We've all heard about the idea of imagining people in their underwear. I don’t know if that has worked for anyone, and in my case, depending on the audience — it has actually made me more nervous.
In my experience, I’ve had big successes and huge failures. I've sweated so much that it rivaled the famous scene in Broadcast News. I've blanked out so poorly that it would have made Sarah Palin come across as well-read.
But not to fret. We’re going to get through this together. Granted, I don’t have a magic blue pill for you, but I do have some suggestions that will bring the romance back to your presentations.
Rehearse and rehearse, but not too much.
I always try to rehearse. I’m a big believer in rehearsing, but not too much. I think if you over-rehearse you can psych yourself out. You start trying to say things exactly the same way, like you’re trying to remember your script.

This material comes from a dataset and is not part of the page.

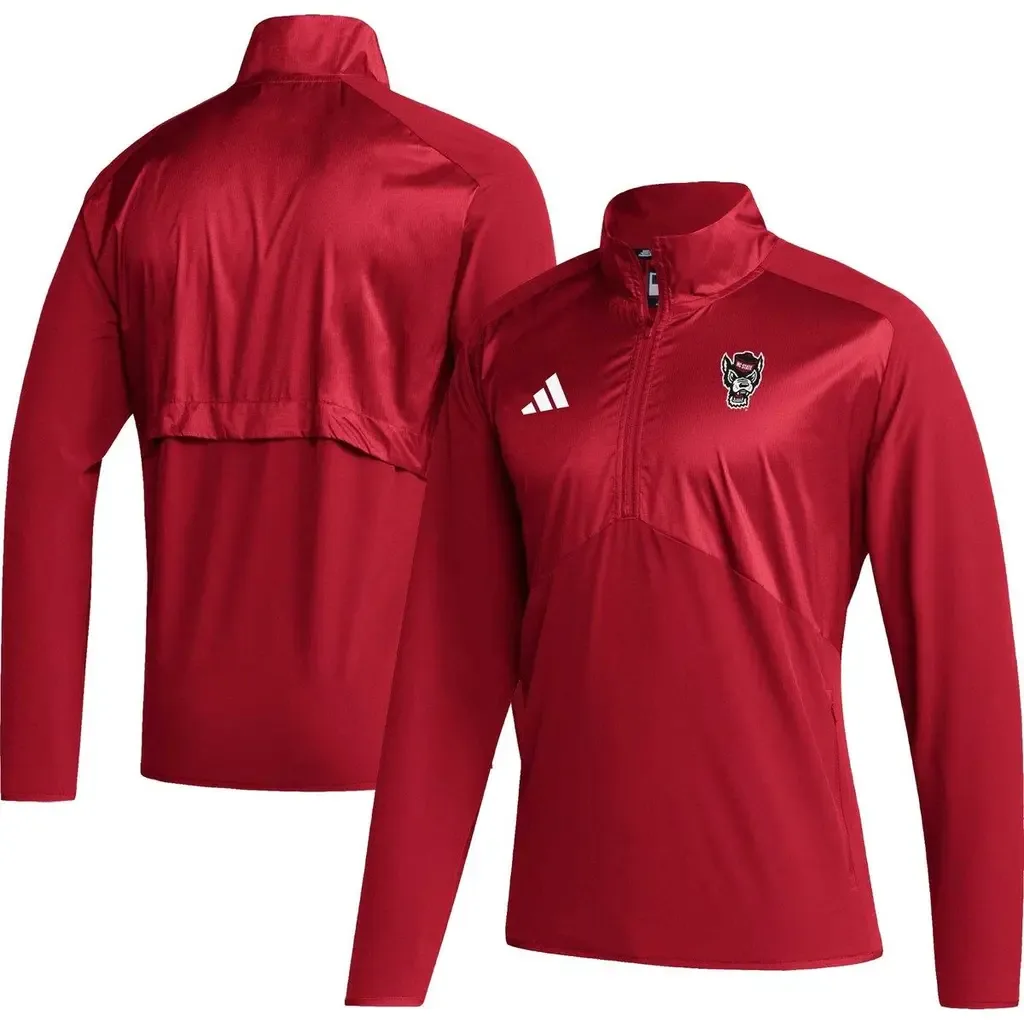 Adidas NC State Wolfpack Sideline Aeroready Raglan Sleeve Quarter-Zip Jacket by adidas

Another trick I do is to try and flex my stress away. This may seem like a very bro/Affliction T-shirt method — but hey, it works. Try to flex your arms as tight as you can right before you present. Tensing and then relaxing right beforehand relaxes me. Who knows, you might pick up a phone number or two. Depending on what kind of shape you’re in, of course.
Be your own worst enemy.
I always try to get people to laugh in my presentations. My favorite punchline? Myself. As a presenter, everyone is paying attention to you. They came to listen to you. Always remember that. If you stumble, simply poke fun at yourself. It humanizes you and puts the audience at your level and relaxes the room. I’ve found that self-deprecation never fails to get a chuckle.
Sorry. Not sorry.
I’ve known people who do this consistently. They stand up — and begin with “Let me just start off by saying I’m sorry for whatever.”

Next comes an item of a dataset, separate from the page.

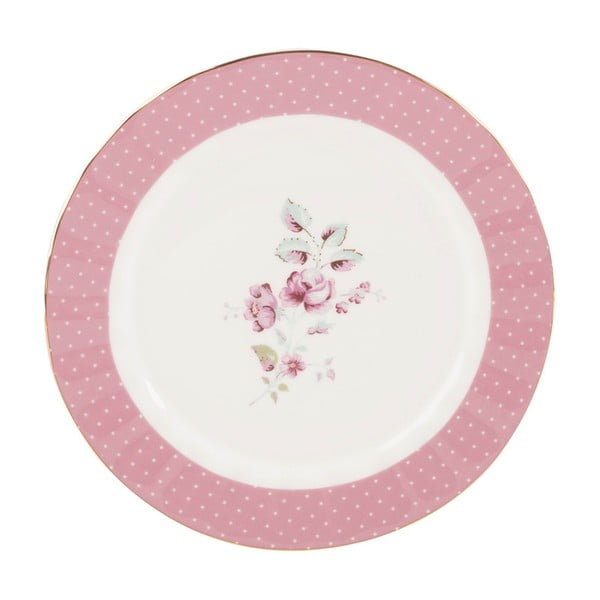 Różowo-biały porcelanowy talerzy deserowy Creative Tops Ditsy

Why on earth would you do that? Not only are you setting yourself up for failure, but you’re also shooting off a signal flare that what the audience is about to hear isn’t worth listening to. Be confident. Know that no matter what — people actually want to hear what you have to say. You’re good enough. You’re smart enough. And I’m sure someone likes you.
It’s nothing personal.
No one can say every presentation they’ve given has gone as planned. Technical difficulties. Sickness. Or just a cranky audience. Sometimes things just go wrong. Just make sure you don’t become part of that problem. I always believe it’s OK to defend your work. Just don’t be defensive while doing it. It’s much easier to forgive a messed up slide than it is to forgive an unlikeable speaker.
Are you not entertained?
I’ve always found that advertising clients love presentations. It gets them out of their daily grind of looking at spreadsheets and white papers. We all know it allows them to share their opinion. They like to be entertained, so let’s entertain them. Advertising is an interruptive media. We're always trying to get people to listen. In this case, this is where they really want to listen and you have a captive audience. I make it my goal to try and sell with so much enthusiasm; I want people to feel like a schmuck if they don’t like my idea.
Why don’t you like me?
Lastly, the last thing an audience should ever hear is “Did you like it?” You’ve just gone from being an expert, to a middle-schooler looking for affirmation. This isn’t a popularity contest. Don’t dig for a pat on the back. You’ll hear thoughts in feedback and by people’s reactions in the room when you’re talking. Honestly, that’s enough.
Of course, if all else fails, there’s always the underwear theory.